Normal English? With capitalization of the ordinals, no less? In English we
would say a "given thing," "a second thing," etc. English is characterized
by intransigent normalcy. So Peirce is going to use some capitalized
ordinals without explicit referents, as if he were talking about Firsts,
Seconds, & Thirds in the usual Peirce way, in order to say simply
"something," "another thing," and "a third thing"? Peirce is complicated but
he is not sadistic toward the reader.

The Sign's correlate, when no further specification is provided, is the
Object. "On a New List of Categories": Secondness is reference to a
correlate.
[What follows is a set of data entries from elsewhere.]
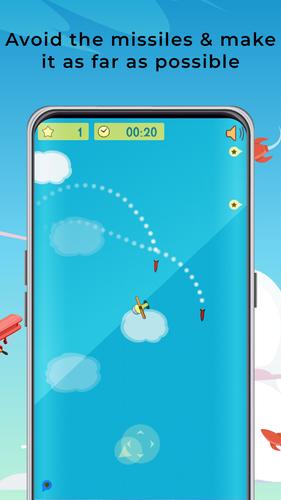 Plane vs Missiles Screenshot 1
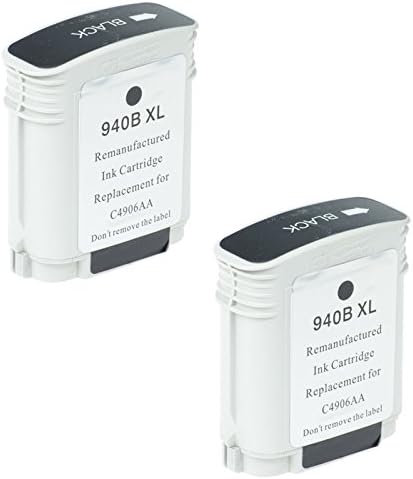 AMTONER Remanufactured Compatible Ink Cartridge Replacements 940XL 940 XL C4906AN High Yield Use in OfficeJet Pro 8000 8500 8500A A909a A909g A910a A910g Series Printer (2 Black,2 Pack)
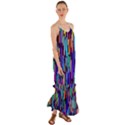 Abstract Line Cami Maxi Ruffle Chiffon Dress View1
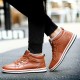 Big Size Men Casual Warm Plush Lining Flats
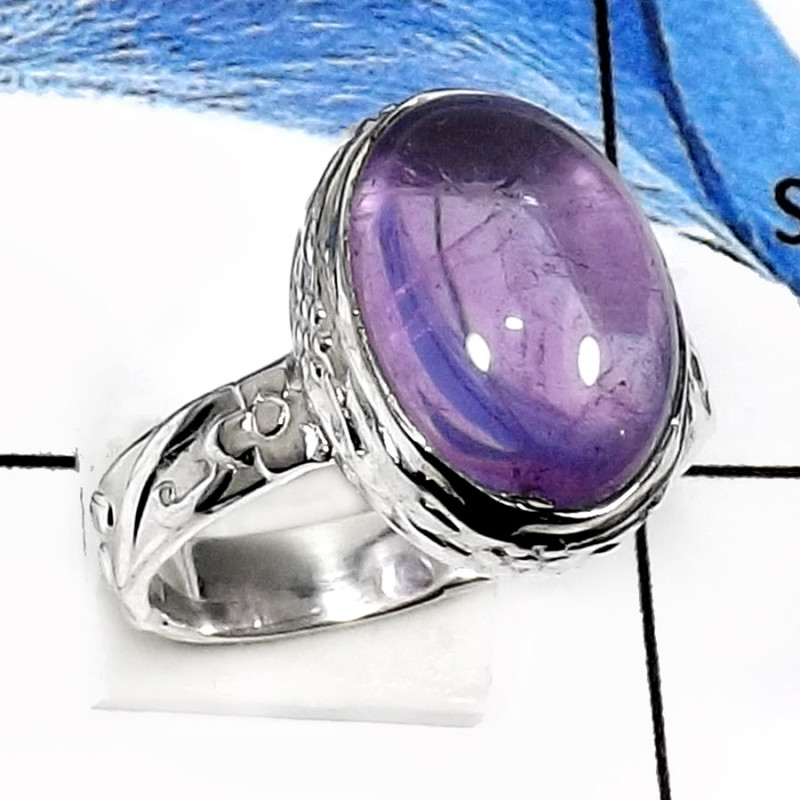 Amethyst Cab G - RSS800-Stunning Cabochon Gemstone Designer Wholesale Designer Rings 925 Sterling Silver Amethyst Cab G - RSS800-Stunning Cabochon Gemstone Designer Wholesale Designer Rings 925 Sterling Silver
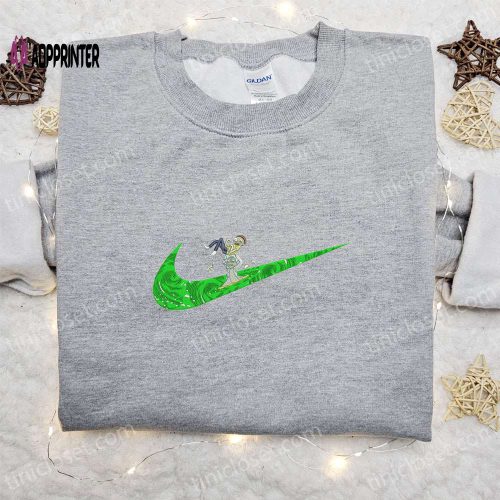 Rick and Morty x Swoosh Cartoon Embroidered Shirt – Nike Inspired Sweatshirt & Custom Hoodie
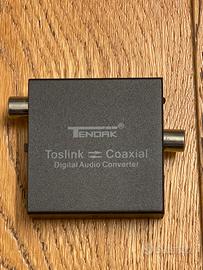 convertitore audio digitale, ottico SPDIF Toslink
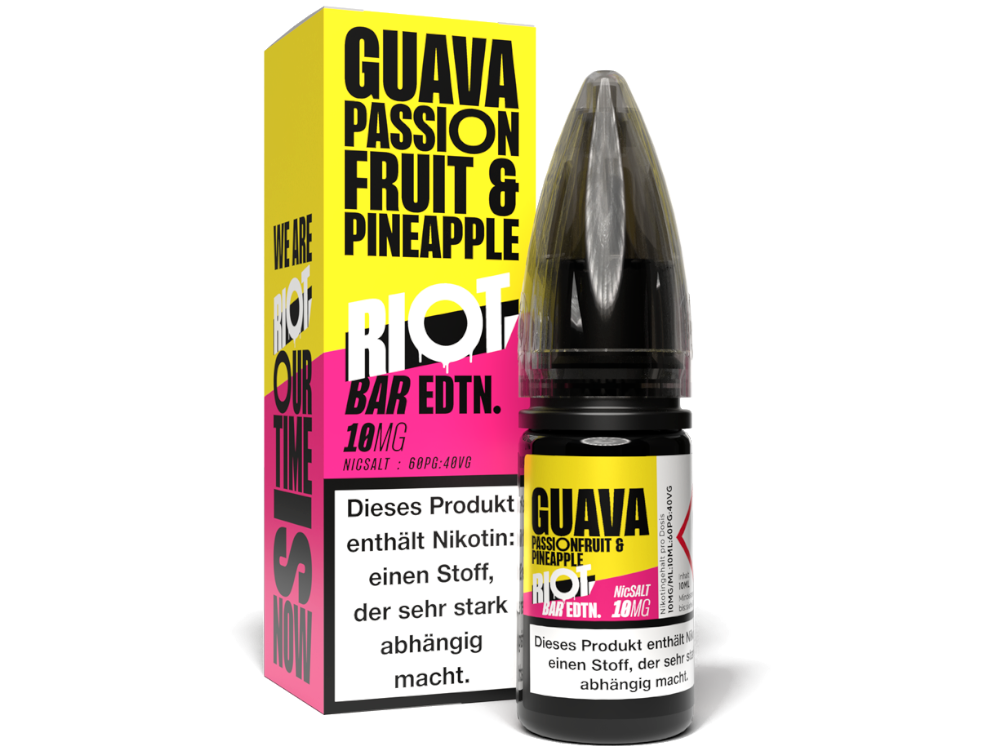 Riot Squad - BAR EDTN. - Guava Passionfruit Pineapple - 10ml Fertigliquid (Nikotinsalz)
The Object is the Correlate is the Second.
"On a New List of Categories": Thirdness is reference to an interpretant.
The Interpretant is the Third.

Argh,
Ben, on three glasses of wine

----- Original Message ----- 
From: "Jim Piat" <[EMAIL PROTECTED]>
To: "Peirce Discussion Forum" <[email protected]>
Sent: Thursday, June 22, 2006 10:12 PM
Subject: [peirce-l] Re: 1st image of triangle of boxes (MS799.2)

Dear Ben, Jean-Marc, list--

For what its worth,  it also struck me that Peirce's use of the terms
"first", "second" and "third" in the context cited by Jean-Marc is as
Jean-Marc suggests  merely  a way of indicating the three elements involved
when (A) Something --a sign, (B) stands for Something  -an object, (C) to
something  -- an interpretant.  I think it is mistaken to suppose a sign (as
a function) is a example of  a Peircean Firstness.  A sign (as I understand
the matter) is pre-eminently an example of Pericean Thirdness.

OTOH is also seems to me (as Ben and others are suggesting) that Peirce's
trichotomies of signs are in some fundamental way related to his categories
and less arbitrary than it seems to me that Jean-Marc is suggesting.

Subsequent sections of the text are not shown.